İZMİR - Ömer Süt
İzmir'de, Fetullahçı Terör Örgütü/Paralel Devlet Yapılanmasına (FETÖ/PDY) yönelik soruşturma kapsamında tutuklu bulunan eski Ödemiş Cumhuriyet Savcısı Hasan Bilici ile adli kontrol şartıyla serbest bırakılan eşi eski Ödemiş Hakimi Neslihan Bilici hakkında hazırlanan iddianamede, aynı adliyede görev yapan örgüt üyesi hakim ve savcıların birbirlerini bilmeyeceği, bilseler bile bu yapıdan olup olmadıklarını sorma konusunda yasakların olduğuna ilişkin bilgilere yer verildi.
İzmir Cumhuriyet Başsavcılığınca hazırlanan ve İzmir 15. Ağır Ceza Mahkemesi tarafından kabul edilen iddianamede, meslekten ihraç edilen Hasan ile Neslihan Bilici hakkında "Silahlı terör örgütü üyesi olmak" suçlamasından 15'er yıla kadar hapis cezası talep edildi.
İddianamede, FETÖ/PDY'nin yargıda hiyerarşik yapısının bulunduğuna, bu örgüt aracılığıyla kendinden olmayanlar başta olmak üzere kullanamadığı, örgüte boyun eğmeyen veya farklı düşünen herkesi "düşman" kabul ederek yargı kararları ile emniyet operasyonlarının hedefi haline getirdiğine vurgu yapılarak, örgüt mensuplarının tayin, terfi ve görevlendirmelerinde FETÖ/PDY'nin amaçlarını önde tuttuğunun altı çizildi.
Örgütün, yüksek yargıya üye seçiminde organize olarak kendi mensuplarını seçtirdiği ve bu yönde kulis yaptığı, 2014'teki Hakimler ve Savcılar Yüksek Kuruluna (HSYK) üye seçimlerinde kendi mensuplarının seçilmesi için örtülü çalışma düzenlediği, meslek kuruluşları içine sızmak suretiyle yönetimini ele geçirmeye çalıştığına dikkat çekilen iddianamede, örgütün yargı içerisinde etkili hale gelmek için Ankara başta olmak üzere büyük şehirlerde hakim ve savcılık sınavına hazırlık evleri kurduğu, başlarına mensuplarından sorumlular atadığı, sınav sorularını yasal olmayan yollarla temin edip sınavdan birkaç gün önce örgüt mensubu "abiler/ablalar" aracılığıyla mensuplarına verdiği ifade edildi.
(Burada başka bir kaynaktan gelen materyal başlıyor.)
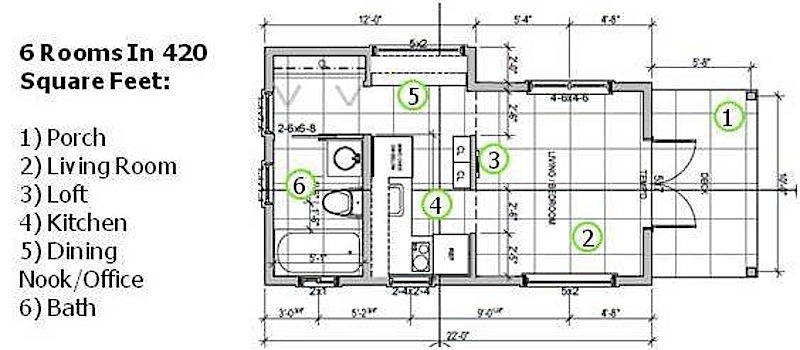 tinyhouseamerica:  melikeyyoulikey:  420 Sq. Ft Net-Zero Energy Tiny House in Berkeley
"Aynı adliyedekiler birbirini bilmez"
İddianamede ifadelerine yer verilen, Tokat Cumhuriyet Başsavcılığı tarafından yürütülen soruşturma kapsamında şüpheli olarak ifadesi alınan ve örgütte "abi" olarak nitelendirilen bir pozisyonda olan H.I, Türkiye'de kaç hakim ve savcının örgüt mensubu olduğunun bilinemeyeceğini, böyle bir bilginin de gizli tutulduğunu savunarak "Aynı adliyede görev yapan hakim ve savcılar aynı grupta değillerse birbirlerini bilmezler ancak tahmin edebilirler. Ya da öncesinden birbirlerini tanıyorlarsa bilebilirler, birbirlerinin bilseler dahi birbirlerine söylemezler, birbirlerine yapıdan olup olmadıklarını soramazlar, bu konuda yasak vardır." beyanında bulundu.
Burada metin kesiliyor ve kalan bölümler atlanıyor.